* _Work instruction_
When a line contains the string "Download", it counts once; give the total of such lines in the entries below and nothing else.

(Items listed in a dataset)

────

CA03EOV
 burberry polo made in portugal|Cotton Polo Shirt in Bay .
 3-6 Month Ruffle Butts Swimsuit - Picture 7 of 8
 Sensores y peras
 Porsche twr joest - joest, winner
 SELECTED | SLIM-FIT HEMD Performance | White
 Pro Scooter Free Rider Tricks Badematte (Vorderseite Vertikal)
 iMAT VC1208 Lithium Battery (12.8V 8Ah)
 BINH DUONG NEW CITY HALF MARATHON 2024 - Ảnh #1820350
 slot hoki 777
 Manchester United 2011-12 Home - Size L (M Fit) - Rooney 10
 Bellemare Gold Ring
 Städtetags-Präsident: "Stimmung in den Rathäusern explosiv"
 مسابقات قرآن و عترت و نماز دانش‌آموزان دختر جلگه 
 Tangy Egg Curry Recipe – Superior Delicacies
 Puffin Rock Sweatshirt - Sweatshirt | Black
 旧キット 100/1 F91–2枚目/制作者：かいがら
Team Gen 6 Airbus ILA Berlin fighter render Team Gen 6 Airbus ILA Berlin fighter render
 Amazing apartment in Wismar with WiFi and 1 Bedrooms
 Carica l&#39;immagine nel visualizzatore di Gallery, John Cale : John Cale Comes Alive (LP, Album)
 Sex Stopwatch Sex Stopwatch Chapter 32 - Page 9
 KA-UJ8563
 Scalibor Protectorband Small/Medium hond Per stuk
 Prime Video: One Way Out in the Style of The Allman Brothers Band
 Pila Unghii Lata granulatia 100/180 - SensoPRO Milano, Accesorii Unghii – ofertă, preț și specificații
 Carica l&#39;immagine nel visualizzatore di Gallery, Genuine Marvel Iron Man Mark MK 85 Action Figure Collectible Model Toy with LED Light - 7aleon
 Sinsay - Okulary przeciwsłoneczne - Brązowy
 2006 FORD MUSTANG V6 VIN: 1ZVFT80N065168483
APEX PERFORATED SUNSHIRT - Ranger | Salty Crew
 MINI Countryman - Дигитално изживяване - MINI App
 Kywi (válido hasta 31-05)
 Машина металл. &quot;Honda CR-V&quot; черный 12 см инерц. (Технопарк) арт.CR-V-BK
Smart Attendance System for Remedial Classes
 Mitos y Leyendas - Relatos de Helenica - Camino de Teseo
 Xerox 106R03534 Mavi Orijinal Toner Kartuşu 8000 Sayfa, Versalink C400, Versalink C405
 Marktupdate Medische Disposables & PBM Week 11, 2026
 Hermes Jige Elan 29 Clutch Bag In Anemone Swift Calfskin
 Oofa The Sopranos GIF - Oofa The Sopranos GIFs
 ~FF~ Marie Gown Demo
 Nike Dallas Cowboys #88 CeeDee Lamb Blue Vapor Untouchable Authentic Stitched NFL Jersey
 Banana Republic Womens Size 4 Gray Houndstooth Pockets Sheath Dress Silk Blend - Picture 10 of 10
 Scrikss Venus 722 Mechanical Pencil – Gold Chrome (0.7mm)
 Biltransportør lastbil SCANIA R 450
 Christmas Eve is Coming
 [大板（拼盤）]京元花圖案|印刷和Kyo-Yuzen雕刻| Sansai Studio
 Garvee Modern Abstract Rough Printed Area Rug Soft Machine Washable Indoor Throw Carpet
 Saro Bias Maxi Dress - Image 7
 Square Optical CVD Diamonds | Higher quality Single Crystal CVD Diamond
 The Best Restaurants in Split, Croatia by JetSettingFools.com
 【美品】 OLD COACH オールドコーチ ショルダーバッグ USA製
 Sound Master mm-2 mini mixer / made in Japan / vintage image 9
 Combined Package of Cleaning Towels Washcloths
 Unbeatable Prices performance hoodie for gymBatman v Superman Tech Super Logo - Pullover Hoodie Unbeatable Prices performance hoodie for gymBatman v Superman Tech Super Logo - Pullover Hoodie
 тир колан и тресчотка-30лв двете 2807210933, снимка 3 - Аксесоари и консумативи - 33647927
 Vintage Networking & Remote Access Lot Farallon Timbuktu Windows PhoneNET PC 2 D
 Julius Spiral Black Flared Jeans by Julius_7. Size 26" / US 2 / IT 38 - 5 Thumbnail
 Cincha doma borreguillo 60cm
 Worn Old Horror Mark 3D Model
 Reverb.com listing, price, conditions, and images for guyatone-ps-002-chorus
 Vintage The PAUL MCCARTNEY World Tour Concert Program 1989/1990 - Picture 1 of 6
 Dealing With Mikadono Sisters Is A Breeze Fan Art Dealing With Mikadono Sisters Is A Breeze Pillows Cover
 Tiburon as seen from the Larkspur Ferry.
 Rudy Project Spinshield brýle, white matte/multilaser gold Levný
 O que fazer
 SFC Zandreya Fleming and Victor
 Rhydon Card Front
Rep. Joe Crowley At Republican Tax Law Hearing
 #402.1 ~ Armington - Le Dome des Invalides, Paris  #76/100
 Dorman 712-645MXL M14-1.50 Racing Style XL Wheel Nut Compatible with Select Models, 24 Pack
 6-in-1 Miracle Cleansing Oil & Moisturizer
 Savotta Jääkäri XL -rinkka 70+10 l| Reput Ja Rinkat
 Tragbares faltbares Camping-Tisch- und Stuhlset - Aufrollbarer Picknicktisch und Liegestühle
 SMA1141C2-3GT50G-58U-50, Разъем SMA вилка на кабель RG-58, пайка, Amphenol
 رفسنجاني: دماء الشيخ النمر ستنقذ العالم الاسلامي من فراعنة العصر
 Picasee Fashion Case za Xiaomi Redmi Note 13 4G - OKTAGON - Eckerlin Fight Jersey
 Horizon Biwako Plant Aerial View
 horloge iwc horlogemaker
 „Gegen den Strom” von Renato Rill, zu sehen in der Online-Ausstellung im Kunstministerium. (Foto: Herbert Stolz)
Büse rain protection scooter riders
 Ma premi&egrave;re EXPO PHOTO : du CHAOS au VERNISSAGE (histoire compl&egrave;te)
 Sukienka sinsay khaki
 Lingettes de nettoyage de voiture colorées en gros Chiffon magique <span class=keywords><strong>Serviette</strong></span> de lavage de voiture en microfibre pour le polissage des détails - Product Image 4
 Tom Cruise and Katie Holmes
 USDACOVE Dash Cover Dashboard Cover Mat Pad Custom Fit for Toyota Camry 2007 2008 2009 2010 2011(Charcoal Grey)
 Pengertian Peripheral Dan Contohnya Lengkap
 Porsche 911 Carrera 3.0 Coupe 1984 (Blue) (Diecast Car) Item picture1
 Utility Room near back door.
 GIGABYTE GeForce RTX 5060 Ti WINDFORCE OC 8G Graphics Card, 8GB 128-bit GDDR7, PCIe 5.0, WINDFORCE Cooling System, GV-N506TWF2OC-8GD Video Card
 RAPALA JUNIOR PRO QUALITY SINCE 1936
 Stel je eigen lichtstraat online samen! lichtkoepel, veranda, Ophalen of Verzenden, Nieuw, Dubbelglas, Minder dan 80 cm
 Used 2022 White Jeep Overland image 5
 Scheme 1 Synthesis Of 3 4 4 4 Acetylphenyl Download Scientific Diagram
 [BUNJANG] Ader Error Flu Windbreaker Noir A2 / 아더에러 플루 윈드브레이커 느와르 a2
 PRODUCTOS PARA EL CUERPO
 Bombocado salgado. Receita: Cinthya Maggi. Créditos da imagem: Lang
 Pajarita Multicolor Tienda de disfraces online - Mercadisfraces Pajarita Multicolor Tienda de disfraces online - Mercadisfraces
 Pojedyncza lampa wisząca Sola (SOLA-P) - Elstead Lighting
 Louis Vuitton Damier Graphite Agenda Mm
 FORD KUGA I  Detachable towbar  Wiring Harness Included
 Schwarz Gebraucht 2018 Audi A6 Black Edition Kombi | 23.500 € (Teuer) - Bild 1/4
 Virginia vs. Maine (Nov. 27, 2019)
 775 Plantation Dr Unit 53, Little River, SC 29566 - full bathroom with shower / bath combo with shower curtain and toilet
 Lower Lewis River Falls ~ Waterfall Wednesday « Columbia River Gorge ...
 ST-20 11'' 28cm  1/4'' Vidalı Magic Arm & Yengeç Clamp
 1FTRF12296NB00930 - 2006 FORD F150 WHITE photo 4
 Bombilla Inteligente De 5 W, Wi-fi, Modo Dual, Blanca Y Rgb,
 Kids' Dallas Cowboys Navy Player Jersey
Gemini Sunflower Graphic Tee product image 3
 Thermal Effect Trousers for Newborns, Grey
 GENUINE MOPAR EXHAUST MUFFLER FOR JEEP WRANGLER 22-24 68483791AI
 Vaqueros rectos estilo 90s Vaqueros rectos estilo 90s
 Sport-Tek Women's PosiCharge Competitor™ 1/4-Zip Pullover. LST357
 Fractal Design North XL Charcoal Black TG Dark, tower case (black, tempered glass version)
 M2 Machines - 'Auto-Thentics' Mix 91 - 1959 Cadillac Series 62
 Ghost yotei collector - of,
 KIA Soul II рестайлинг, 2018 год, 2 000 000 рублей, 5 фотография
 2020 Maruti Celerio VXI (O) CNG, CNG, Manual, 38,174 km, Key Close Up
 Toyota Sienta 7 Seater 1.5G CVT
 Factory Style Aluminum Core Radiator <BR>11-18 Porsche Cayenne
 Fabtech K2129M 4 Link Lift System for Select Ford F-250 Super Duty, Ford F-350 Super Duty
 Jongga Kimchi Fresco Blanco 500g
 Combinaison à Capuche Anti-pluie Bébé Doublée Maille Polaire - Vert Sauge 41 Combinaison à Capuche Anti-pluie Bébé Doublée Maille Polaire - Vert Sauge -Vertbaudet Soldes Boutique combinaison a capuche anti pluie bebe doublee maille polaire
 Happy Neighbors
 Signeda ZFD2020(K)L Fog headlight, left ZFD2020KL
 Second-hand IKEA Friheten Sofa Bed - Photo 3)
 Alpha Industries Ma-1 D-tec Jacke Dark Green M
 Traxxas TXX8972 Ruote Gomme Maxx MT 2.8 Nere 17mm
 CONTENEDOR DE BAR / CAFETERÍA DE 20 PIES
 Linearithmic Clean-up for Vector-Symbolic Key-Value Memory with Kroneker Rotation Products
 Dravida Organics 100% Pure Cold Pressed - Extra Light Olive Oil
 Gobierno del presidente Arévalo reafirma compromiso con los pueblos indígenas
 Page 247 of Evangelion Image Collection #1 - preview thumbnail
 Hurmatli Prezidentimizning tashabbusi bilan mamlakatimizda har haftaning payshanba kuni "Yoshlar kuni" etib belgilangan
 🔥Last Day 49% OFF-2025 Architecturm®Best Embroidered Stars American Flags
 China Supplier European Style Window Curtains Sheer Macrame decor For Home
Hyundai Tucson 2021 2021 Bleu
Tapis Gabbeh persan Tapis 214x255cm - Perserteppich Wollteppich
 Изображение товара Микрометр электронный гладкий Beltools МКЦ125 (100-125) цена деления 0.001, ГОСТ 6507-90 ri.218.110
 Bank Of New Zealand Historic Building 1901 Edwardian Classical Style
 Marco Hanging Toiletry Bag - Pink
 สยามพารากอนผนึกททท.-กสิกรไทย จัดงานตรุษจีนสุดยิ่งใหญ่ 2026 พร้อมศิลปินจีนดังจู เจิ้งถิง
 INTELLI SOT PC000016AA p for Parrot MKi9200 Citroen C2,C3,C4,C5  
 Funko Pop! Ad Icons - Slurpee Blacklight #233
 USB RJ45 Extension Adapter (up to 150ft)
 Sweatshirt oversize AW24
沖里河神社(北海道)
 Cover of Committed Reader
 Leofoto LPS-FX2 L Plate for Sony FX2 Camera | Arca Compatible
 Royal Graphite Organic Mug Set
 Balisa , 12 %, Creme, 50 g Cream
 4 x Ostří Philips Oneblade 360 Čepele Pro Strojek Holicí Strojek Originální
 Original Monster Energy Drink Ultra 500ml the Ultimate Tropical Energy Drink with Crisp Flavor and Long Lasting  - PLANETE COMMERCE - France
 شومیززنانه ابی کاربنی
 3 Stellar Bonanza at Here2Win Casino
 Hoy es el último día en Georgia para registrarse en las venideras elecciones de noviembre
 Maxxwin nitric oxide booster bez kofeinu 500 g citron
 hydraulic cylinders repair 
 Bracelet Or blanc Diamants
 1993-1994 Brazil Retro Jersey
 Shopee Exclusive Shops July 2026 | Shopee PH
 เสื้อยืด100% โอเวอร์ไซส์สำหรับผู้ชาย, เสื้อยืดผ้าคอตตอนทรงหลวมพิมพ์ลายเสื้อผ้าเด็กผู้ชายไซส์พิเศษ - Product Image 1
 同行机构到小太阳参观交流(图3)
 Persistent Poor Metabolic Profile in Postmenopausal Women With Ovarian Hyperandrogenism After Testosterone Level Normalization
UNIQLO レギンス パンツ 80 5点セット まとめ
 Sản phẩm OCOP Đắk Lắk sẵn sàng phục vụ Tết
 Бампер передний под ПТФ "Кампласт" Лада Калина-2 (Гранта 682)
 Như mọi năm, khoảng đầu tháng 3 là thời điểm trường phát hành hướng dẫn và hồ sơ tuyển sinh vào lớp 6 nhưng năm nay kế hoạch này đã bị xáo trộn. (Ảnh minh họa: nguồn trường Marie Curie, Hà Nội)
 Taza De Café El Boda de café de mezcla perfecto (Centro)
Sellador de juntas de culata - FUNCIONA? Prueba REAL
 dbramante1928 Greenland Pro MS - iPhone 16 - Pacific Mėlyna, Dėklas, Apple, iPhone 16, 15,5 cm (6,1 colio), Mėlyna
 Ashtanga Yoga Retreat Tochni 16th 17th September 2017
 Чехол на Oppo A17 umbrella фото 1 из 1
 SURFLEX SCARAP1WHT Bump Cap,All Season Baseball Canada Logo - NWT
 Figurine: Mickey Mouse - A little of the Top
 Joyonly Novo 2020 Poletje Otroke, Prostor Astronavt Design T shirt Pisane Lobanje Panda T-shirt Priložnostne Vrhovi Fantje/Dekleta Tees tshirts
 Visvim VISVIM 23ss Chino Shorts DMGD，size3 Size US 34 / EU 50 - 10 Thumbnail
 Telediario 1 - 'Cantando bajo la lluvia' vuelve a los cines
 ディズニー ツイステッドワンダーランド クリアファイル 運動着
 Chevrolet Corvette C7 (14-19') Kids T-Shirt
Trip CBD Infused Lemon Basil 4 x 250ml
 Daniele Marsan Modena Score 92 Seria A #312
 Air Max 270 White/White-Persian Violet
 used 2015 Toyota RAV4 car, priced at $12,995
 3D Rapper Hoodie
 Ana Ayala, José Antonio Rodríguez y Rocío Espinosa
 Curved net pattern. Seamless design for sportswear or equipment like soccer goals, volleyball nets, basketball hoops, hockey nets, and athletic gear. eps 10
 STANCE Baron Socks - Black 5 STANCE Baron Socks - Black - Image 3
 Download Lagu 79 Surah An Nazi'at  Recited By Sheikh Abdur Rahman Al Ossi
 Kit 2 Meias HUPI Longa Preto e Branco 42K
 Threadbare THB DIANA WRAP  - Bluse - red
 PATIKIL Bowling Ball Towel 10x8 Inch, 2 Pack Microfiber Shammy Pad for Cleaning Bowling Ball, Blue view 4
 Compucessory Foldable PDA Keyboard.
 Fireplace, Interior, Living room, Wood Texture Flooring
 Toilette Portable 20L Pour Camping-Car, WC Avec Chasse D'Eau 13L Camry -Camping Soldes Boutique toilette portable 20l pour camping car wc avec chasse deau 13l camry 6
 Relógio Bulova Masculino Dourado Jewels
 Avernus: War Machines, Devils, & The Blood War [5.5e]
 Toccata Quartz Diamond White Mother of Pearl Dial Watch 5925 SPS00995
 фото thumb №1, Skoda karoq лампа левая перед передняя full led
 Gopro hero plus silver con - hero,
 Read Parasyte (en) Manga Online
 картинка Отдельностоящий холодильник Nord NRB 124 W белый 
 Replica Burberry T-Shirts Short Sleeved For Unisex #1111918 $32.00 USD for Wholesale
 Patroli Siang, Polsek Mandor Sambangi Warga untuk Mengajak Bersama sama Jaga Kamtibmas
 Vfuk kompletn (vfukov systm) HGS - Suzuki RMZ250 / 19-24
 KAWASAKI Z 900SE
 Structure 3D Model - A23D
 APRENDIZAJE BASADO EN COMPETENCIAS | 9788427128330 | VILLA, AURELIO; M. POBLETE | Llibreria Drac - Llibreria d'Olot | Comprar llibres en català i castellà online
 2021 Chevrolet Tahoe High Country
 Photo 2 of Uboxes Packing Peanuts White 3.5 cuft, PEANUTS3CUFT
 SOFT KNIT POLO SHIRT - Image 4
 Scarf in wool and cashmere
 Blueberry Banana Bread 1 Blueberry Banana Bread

────

* _Reply_
2